- _Data shown_
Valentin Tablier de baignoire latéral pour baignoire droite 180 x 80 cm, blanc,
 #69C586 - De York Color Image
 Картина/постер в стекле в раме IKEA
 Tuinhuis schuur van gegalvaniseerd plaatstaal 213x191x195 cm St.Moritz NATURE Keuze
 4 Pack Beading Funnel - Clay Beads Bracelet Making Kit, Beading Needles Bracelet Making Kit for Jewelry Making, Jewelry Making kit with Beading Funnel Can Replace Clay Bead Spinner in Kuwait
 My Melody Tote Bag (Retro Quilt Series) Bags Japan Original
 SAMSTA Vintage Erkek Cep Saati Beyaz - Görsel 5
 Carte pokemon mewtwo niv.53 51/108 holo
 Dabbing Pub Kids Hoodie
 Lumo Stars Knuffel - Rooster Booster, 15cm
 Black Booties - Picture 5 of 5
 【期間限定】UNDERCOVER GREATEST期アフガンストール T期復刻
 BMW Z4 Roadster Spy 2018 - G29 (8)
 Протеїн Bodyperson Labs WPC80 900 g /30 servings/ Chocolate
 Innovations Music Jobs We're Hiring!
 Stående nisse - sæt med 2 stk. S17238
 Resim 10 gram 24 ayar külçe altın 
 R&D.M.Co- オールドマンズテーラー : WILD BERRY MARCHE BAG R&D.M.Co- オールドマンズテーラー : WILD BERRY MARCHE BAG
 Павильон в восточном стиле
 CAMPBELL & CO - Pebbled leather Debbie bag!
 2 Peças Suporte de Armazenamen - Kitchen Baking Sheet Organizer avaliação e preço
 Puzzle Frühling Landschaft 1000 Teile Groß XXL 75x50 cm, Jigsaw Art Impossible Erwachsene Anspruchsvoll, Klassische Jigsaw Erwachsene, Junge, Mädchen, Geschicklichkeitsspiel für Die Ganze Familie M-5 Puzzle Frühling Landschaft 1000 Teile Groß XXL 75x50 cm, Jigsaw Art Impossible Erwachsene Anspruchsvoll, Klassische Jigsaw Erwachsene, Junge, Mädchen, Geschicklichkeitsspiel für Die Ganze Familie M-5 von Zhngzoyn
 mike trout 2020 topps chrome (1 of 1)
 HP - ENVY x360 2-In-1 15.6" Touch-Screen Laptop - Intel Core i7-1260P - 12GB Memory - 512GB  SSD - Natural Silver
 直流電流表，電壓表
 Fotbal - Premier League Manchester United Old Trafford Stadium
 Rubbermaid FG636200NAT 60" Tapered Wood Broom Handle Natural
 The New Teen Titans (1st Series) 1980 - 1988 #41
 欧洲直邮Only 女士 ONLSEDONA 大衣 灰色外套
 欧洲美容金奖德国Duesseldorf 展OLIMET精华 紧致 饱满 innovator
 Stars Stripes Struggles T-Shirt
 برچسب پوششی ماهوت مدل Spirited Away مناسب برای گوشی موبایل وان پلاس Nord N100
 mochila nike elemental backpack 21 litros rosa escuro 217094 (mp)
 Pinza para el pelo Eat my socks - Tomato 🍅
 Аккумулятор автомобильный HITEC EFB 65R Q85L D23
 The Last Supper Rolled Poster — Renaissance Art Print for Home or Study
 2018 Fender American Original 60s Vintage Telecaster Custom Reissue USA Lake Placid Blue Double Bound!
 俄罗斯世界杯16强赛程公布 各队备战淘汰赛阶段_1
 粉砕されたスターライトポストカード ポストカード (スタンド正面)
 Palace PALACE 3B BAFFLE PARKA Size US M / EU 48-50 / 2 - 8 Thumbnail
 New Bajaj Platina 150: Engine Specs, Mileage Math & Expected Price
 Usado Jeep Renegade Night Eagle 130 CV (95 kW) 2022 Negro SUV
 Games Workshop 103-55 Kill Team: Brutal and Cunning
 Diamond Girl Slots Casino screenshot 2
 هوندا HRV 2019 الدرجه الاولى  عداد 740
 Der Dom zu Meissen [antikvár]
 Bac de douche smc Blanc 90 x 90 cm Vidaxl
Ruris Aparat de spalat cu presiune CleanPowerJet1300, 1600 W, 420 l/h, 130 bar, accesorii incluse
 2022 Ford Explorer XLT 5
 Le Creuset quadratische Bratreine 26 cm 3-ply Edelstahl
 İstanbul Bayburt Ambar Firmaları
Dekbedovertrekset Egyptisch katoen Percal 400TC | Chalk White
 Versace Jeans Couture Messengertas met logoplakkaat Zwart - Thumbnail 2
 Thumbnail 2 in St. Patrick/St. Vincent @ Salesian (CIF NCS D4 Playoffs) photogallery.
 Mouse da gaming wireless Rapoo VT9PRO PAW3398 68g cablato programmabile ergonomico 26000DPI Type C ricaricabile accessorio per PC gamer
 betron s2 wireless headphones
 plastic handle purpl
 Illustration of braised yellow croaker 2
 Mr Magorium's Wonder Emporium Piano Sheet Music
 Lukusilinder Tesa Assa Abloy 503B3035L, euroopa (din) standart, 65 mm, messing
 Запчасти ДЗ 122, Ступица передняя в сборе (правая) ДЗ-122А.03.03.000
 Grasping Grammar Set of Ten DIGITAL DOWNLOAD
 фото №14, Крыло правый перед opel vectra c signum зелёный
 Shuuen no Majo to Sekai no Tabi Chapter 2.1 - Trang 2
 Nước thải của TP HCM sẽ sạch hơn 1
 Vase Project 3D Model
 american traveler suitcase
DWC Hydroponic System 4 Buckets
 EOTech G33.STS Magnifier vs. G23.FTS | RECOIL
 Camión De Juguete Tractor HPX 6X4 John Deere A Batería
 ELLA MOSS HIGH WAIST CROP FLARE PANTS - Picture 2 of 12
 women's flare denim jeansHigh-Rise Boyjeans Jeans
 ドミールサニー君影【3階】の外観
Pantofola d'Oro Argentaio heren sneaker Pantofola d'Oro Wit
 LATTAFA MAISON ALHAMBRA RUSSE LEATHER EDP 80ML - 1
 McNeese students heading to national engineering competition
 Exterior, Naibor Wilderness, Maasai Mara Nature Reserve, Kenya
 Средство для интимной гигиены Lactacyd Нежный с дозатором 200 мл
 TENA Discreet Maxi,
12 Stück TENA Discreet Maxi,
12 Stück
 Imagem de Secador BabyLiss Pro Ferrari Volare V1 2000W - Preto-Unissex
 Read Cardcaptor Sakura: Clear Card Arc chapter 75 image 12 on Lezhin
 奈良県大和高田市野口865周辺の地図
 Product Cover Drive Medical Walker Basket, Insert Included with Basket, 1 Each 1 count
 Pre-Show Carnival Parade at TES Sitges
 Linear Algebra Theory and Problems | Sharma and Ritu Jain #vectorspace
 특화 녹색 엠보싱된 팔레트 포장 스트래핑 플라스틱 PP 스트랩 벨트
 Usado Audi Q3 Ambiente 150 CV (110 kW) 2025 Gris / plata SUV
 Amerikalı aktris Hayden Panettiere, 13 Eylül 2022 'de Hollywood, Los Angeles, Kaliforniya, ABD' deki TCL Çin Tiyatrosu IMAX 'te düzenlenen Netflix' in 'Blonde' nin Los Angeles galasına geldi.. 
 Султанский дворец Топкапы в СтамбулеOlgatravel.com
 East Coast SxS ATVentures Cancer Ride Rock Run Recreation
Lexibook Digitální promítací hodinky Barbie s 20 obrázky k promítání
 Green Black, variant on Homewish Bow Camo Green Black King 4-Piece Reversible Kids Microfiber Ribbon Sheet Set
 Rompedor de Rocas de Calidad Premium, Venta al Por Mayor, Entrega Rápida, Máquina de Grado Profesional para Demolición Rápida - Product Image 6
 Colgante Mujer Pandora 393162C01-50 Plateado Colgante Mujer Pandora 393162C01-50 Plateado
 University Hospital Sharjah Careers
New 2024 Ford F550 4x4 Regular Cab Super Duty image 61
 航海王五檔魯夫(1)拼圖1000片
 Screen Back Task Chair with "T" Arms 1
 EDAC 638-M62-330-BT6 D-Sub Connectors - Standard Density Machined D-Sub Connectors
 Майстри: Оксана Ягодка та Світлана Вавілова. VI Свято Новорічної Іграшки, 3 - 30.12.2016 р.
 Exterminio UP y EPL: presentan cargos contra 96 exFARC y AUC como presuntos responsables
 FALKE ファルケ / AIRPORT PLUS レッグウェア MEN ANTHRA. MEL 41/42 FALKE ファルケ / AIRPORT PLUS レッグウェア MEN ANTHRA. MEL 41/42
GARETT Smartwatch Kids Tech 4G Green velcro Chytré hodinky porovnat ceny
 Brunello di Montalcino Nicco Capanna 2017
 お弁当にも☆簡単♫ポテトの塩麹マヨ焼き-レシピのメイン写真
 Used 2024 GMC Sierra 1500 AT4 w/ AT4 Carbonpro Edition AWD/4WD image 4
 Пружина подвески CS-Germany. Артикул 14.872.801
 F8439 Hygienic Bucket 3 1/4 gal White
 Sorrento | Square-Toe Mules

- _What is required_
The required output is the exact run of lines from the one with "F8439 Hygienic Bucket 3 1/4 gal White" through the final line of the entries.

- _Your response_
 F8439 Hygienic Bucket 3 1/4 gal White
 Sorrento | Square-Toe Mules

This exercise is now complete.